Di akhir hidupnya, Konfusius menulis buku tentang peristiwa-peristiwa sejarah yang terjadi di masa Ch’un Ch’iu (musim semi dan musim gugur). Di dalam bukunya tersebut dengan berani ia mengkritik kebijakan para pemimpin Lu dan menampilkan segala peristiwa yang terjadi di Lu secara apa adanya.[63] Pada 479 SM, Tze Lu, salah seorang murid kesayangan Konfusius meninggal dunia. Ada sebuah lukisan yang menggambarkan bagaimana Tze Lu meninggal dunia. Di situ, seorang murid Konfusius bernama Min digambarkan sebagai orang baik. Tze Lu ditampilkan sebagai seorang yang begitu tegas dan tangkas; Yen Yu dan Tze Kung tampak sebagai seorang yang lepas bebas dan memiliki jalan yang lurus. Melihat hal ini, Konfusius terlihat senang. Meskipun demikian, suatu ketika ia mengatakan bahwa Yu – nama panggilan Tze Lu – tidak akan meninggal dengan cara yang biasa. Dulu, pada saat kembali ke Lu, Konfusius meninggalkan Tze Lu dan Tze Kao di Wei untuk bekerja di dalam pemerintahan di sana. Suatu ketika datang berita dari Wei bahwa di sana sedang terjadi kekacauan. Melihat hal ini, Tze Kao segera memikirkan rencana untuk menyelamatkan diri, tetapi Tze Lu lebih ingin mendampingi atasannya yang telah memperlakukannya dengan sangat baik. Akibatnya ia ikut terbunuh dalam kekacauan di Wei tersebut.

Konfusius memimpin upacara kematian salah satu murid terbaik yang pernah dimilikinya tersebut. Menurut peraturan Hsia, jenazah haruslah diberikan pakaian yang terbaik; peti mati mesti dihadapkan ke timur; dan orang yang telah meninggal dunia ini harus tetap diperlakukan dengan hormat layaknya orang yang masih hidup. Sementara itu dalam peraturan Shang, disebutkan bahwa upacara haruslah diadakan di antara dua tiang rumah, dan orang yang telah meninggal dunia itu hendaknya diperlakukan sebagai seorang tamu sekaligus tuan rumah.

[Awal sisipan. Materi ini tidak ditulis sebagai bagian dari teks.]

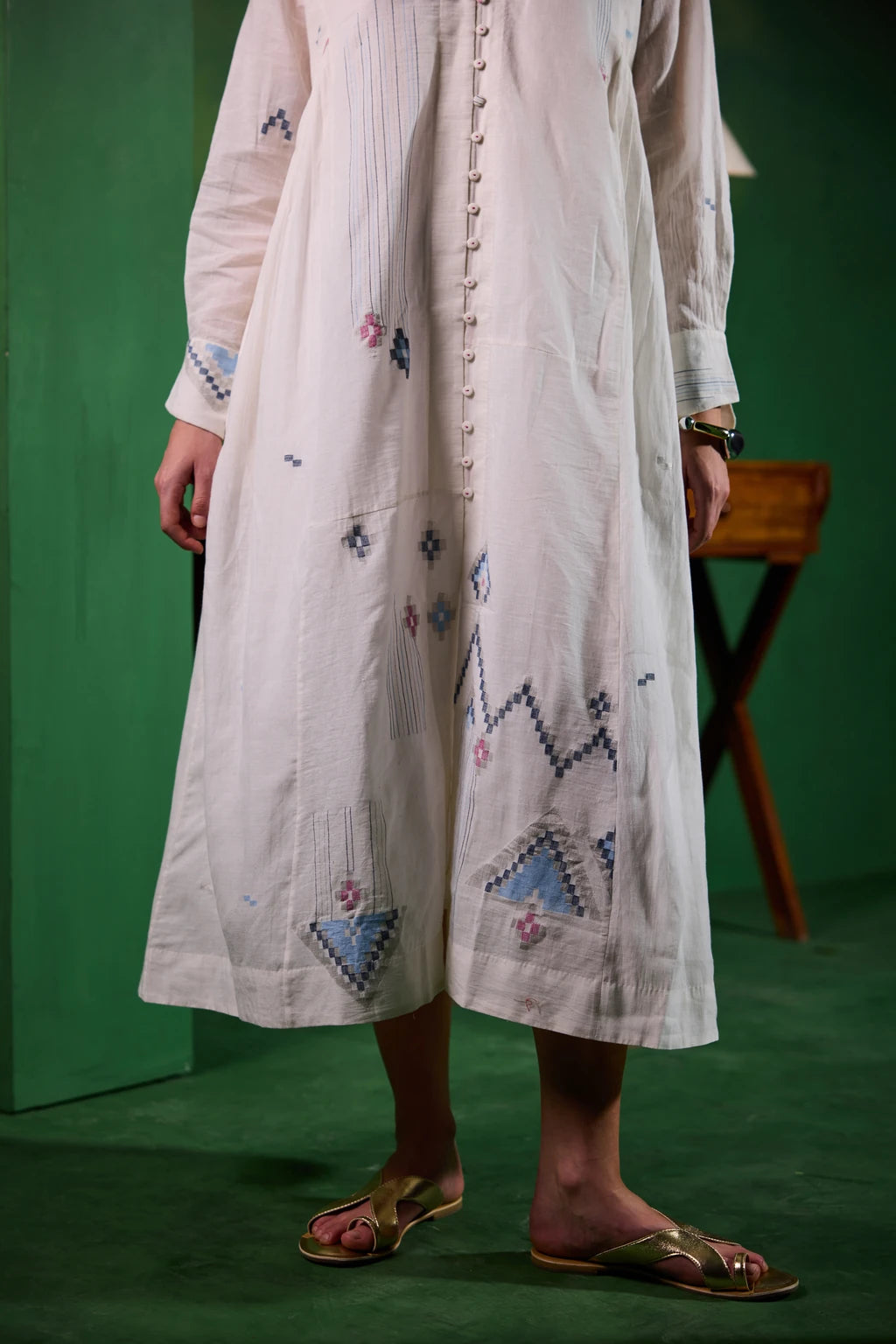 Anu Dress — Off-white handloom cotton Jamdani shirt dress — styled view | Sarron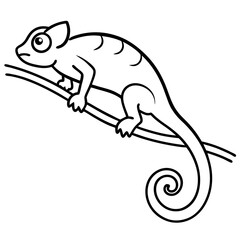 Minimalist Chameleon Climbing Branch Vector Art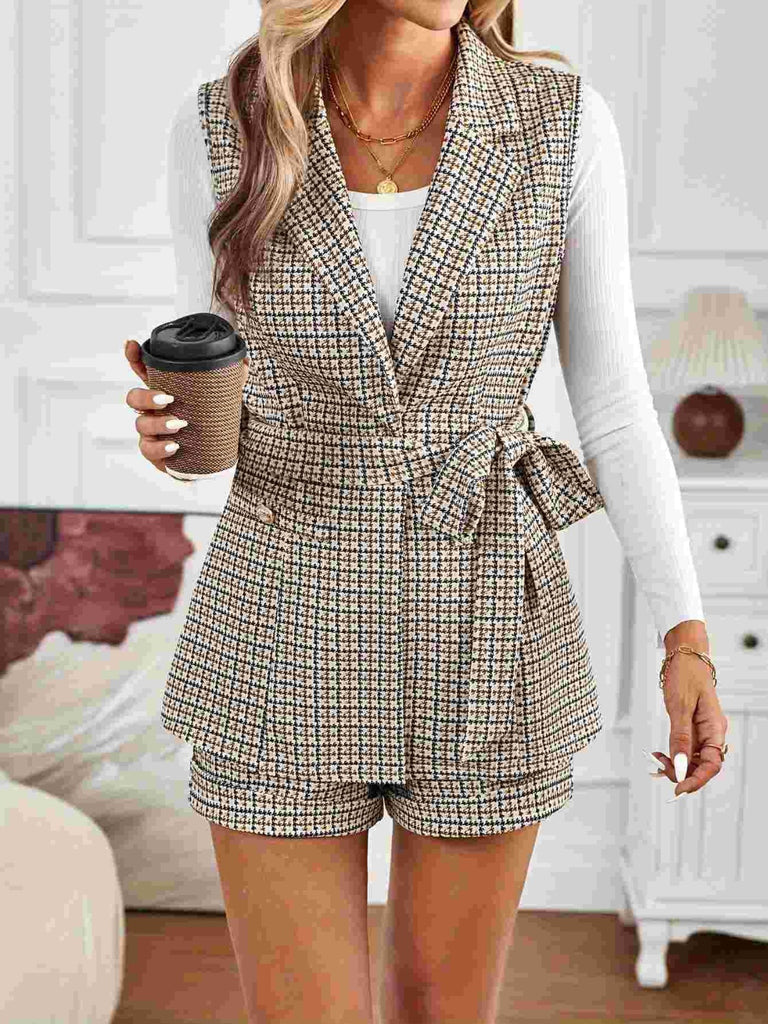 Tied Plaid Collared Neck Vest and Shorts Set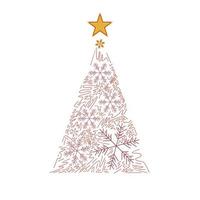 Kerstmis lijn structuur boom lint vector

Pada 497 SM, akhirnya Konfusius pun meninggal dunia. Meskipun demikian, apa yang telah dicapai selama hidupnya dan segala sesuatu yang dihayatinya mampu membuat kematiannya menjadi begitu bermakna. Selain itu, proses pendidikan dan pengajaran yang telah dilakukannya sejak lama, tampaknya menjadi semacam pesemaian ajaran-ajarannya. Melalui pemikiran dan penafsiran murid-muridnya itu pula, ajaran-ajaran Konfusius akan terus disampaikan pada ‘murid-murid’ yang baru dari generasi yang berbeda hingga akhir masa.